What to do –
Set the records down again in full, exactly as they are, apart from the images.

Data to process section start

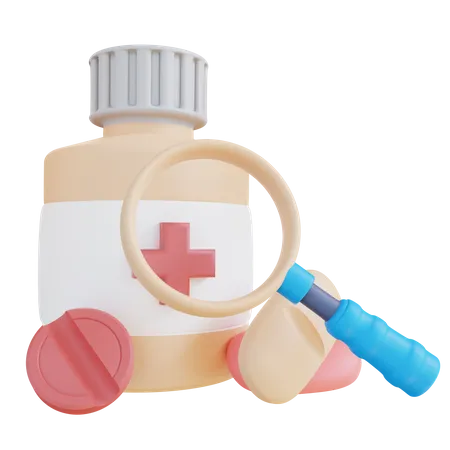 Medicamento  3D Icon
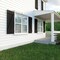 Ekena Millwork Rustic Three Board Joined Board-n-Batten Riverwood Faux Wood Shutters w/Z-Board, 16 1/2W x 50H, PR SHUBJZ16X50RWPR - alternate 17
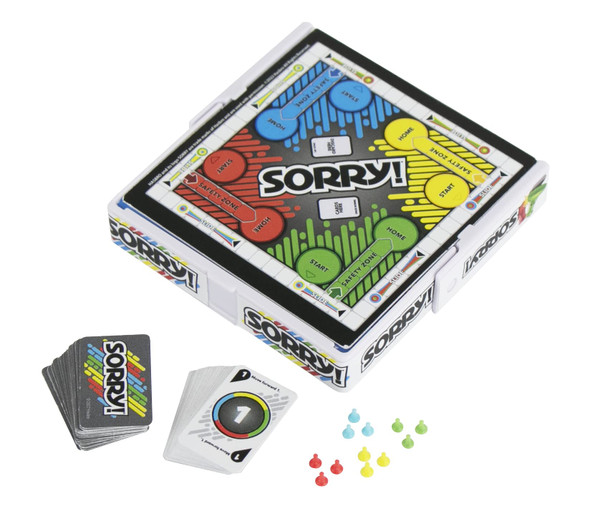 OakridgeStores.com | SUPER IMPULSE - World's Smallest Sorry! Game - Working Board Game 5080 810010990525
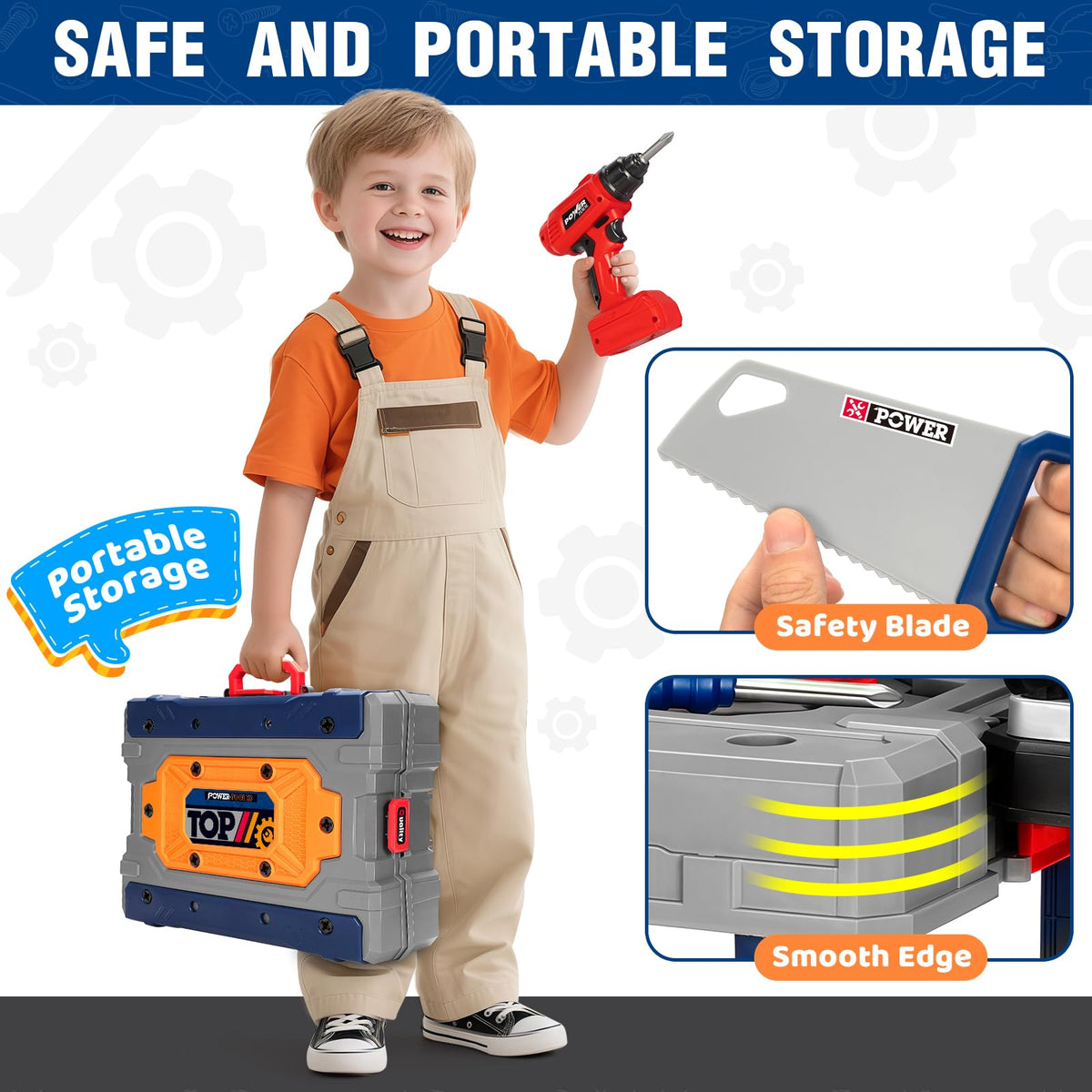 TooyBing Kids Tool Bench claw hammer adds realistic role-play.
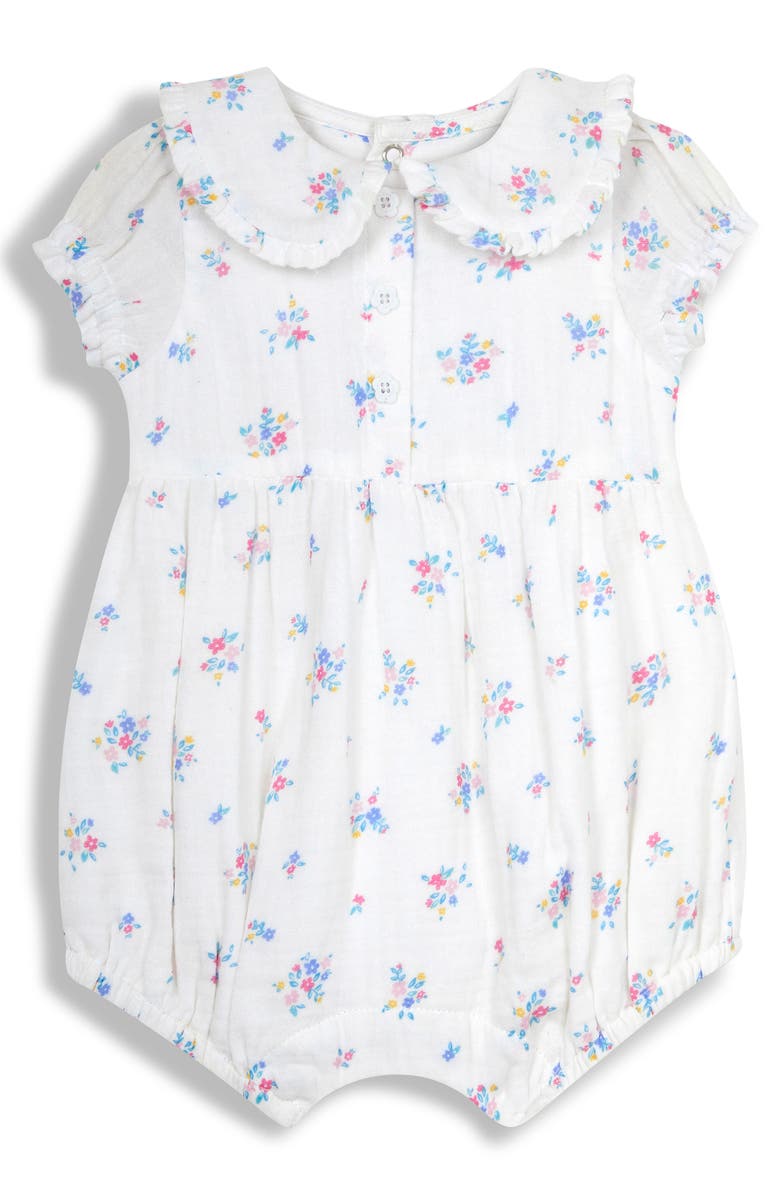 JOJO MAMAN BEBE Floral Romper & Headband Set, Alternate, color,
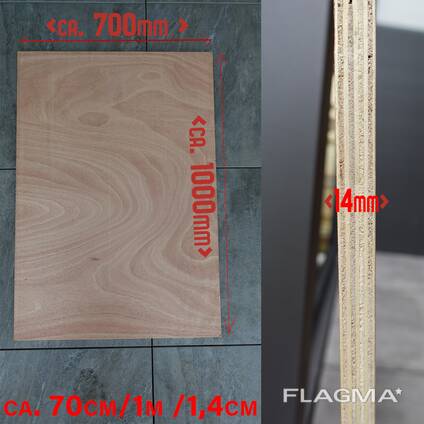 Hochwertige Sperrholzplatten 700x1000x14mm für Verkleidungen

Data to process section end

Your solution –
 Medicamento  3D Icon
 Ekena Millwork Rustic Three Board Joined Board-n-Batten Riverwood Faux Wood Shutters w/Z-Board, 16 1/2W x 50H, PR SHUBJZ16X50RWPR - alternate 17
 OakridgeStores.com | SUPER IMPULSE - World's Smallest Sorry! Game - Working Board Game 5080 810010990525
 TooyBing Kids Tool Bench claw hammer adds realistic role-play.
 JOJO MAMAN BEBE Floral Romper & Headband Set, Alternate, color,
 Hochwertige Sperrholzplatten 700x1000x14mm für Verkleidungen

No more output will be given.